Pour a little sugar on it honey, pour a little sugar on it Baby. I’m gonna make your life so sweet, yeah yeah yeah, Pour a little sugar on it yeah. Pour a little sugar on it honey. Pour a little sugar on it baby. I’m gonna make your life so sweet, yeah yeah yeah. So goes the bridge to Sugar Sugar, a song performed by the Archies, a band of fictional cartoon teenagers from 1969.
Once again, our favorite Keynesian, Paul Krugman has come up with a sugary and nonsensical idea in today’s column entitled The Twinkie Manifesto. In this bit of nonsense, the good Mr. Krugman harkens back to the golden age of cartoons and the Howdy Doody Show, and claims that in those wonderous times all was better because nefarious corporate executives (maybe Don Draper) were taxed at a reasonable marginal rate of just 91 percent, and because mythical union bosses were ensuring that America’s workers were receiving good wages and guaranteed middle class lifestyles.
Cartoon characters are not real, and neither are Krugman’s claims. While we all hearken back to when we were kids, the facts are always not what they seem. Krugman is 59 years old and his glory days were in the early 1960s – the Mad Men years. These were the years of Camelot, and moon launches. Of course they were also the years of VietNam – though we really did not pay much attention to the war until after Tet in 1968. In Krugman’s wonder years you could not get strawberries at any time of the year, you rarely experienced the wonder of air conditioning, and if you were lucky there were 4 channels on your TV.

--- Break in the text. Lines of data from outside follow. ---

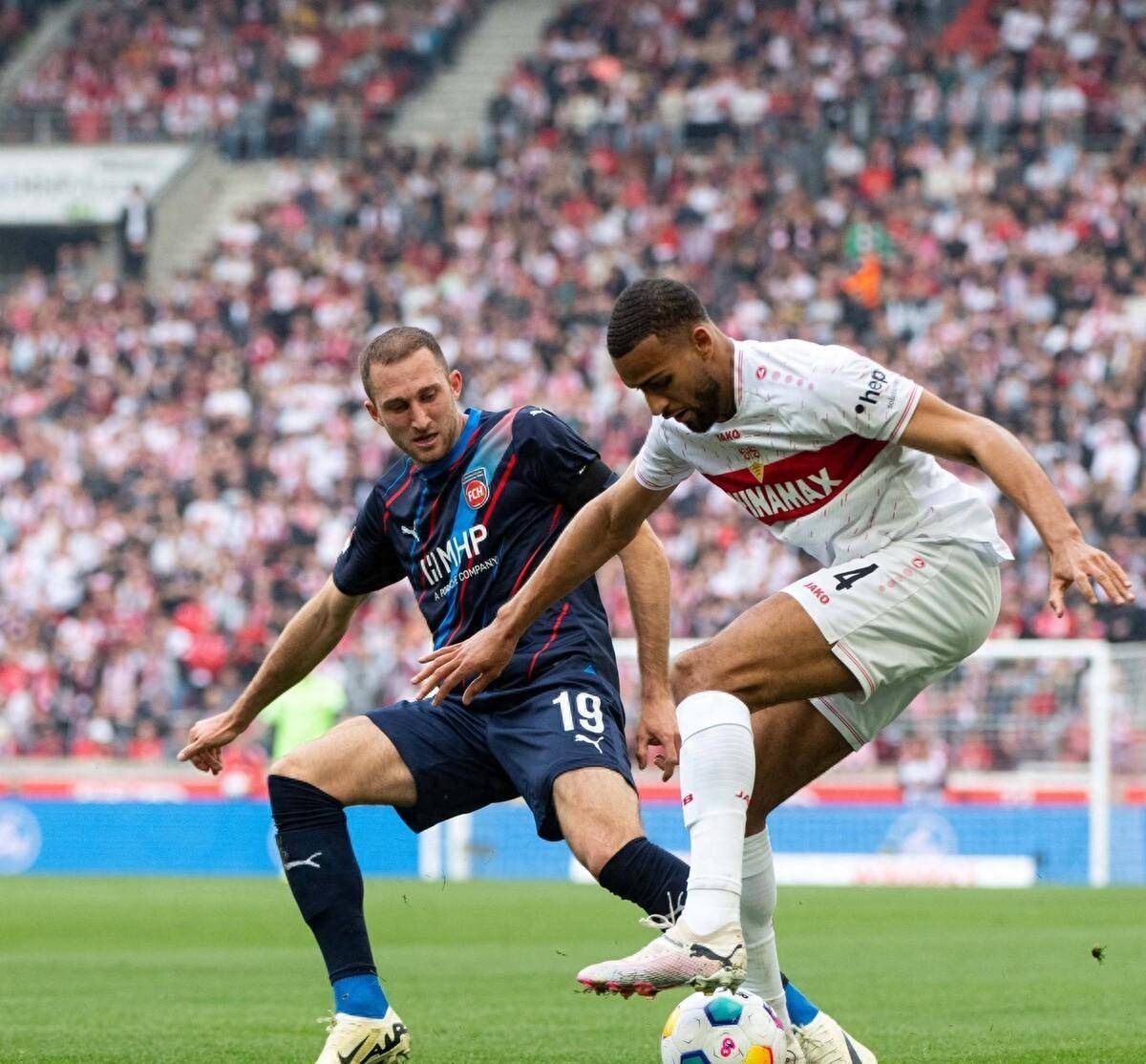 多特蒙德球迷热议球队战术，期待更好表现！的简单介绍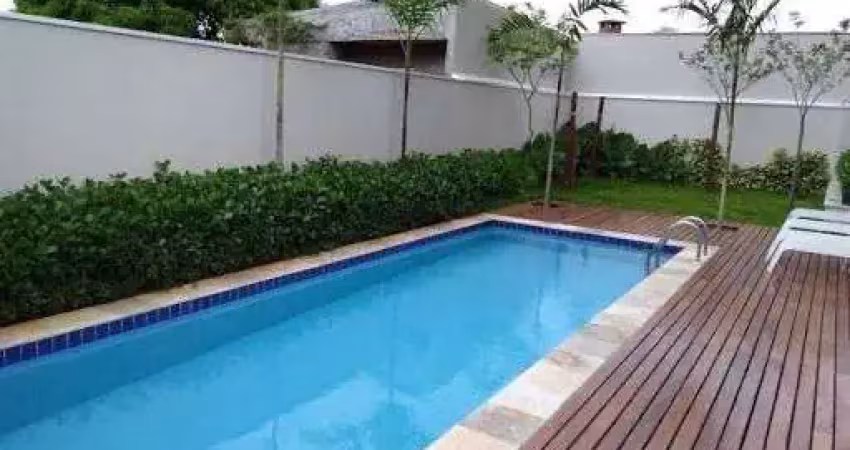 Apartamento com 2 dormitórios à venda, 56 m² por r$ 570.000,00 - vila yara - osasco/sp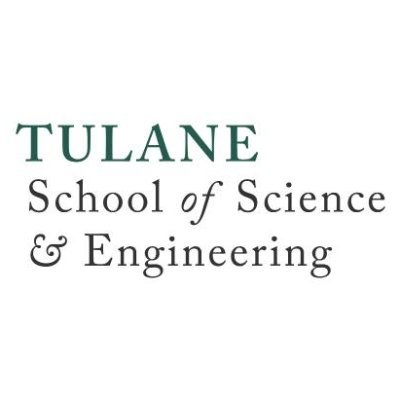 @TulaneSSE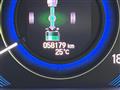 2019 Honda Odyssey Hybrid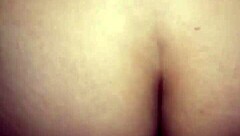 the story of the neighbor continues in part three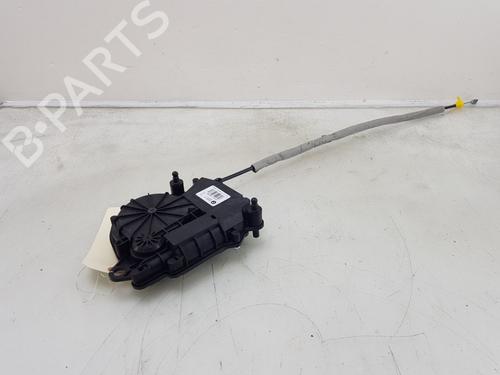 Used Other BMW 5 Touring (G31) 530 i Mild-Hybrid (252 hp) 24825784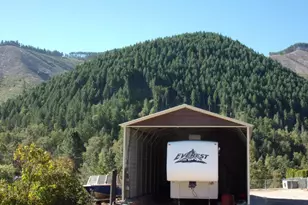 375 Jordan Creek Rd, Riddle, OR 97469 - Photo 10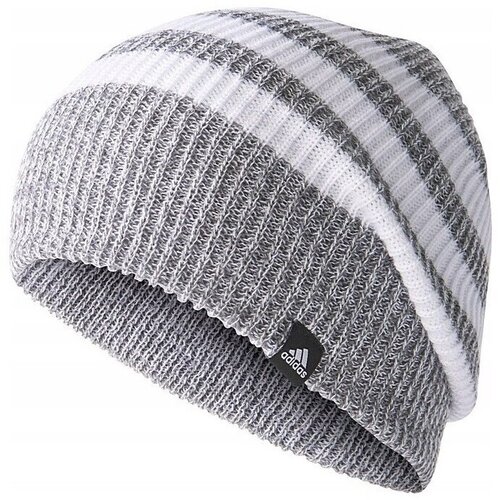 Adidas Kape 3STRIPES Beanie pisana Slike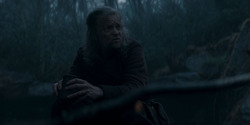 HouseOfTheDragon_3x01-SaltAndSeaFireAndBlood_1873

Subjective memory is one thing, but subjective statistics are another. In Krugman’s case, the claim that labor was better compensated in the glory days is simply not correct. Examining data from the Bureau of Economic Analysis, it is easy to see that the percent of national income going to capital has remained pretty constant since Krugman’s glory days, peaking in 1989 at just under 27 percent. More recently the percentage of national income going to capital is closer to 22 percent. This does not tell all of the story. In fact, as more and more individuals have entered the stock market, and as more people rely on pension income – that in part comes from capital investment – a much larger portion of middle class income is actually capital income.
The interesting statistic is the one that Krugman fails to mention. The percentage of national income made up of government transfer payments has literally exploded since his glory days, rising from just 5.6 percent the year Krugman was born to a whopping 27.4 percent last year. Knowing the good doctor’s twisted use of statistics, I’m amazed that he has not claimed that his birth led to the growth in the Welfare State. Interestingly, as government transfer payments have grown, wages have fallen.
Part of this shift is demographic – the population has gotten older over this period and a larger share is reliant on Social Security, but the real truth is that the Welfare State is crowding out work. From and economics perspective this makes sense. As the growth of entitlements have made more marginal employment a poor choice for the less educated and qualified, they have turned to welfare, and abandoned work. Employers will only pay up to the marginal productivity of workers – and since workers can substitute welfare for work at a price point higher than their marginal productivity they do.
The real issue is not that low taxes on capitalists have pushed wages down – it’s that high taxes on capital, and incentives not to work have led to a shift from labor income to rent seeking.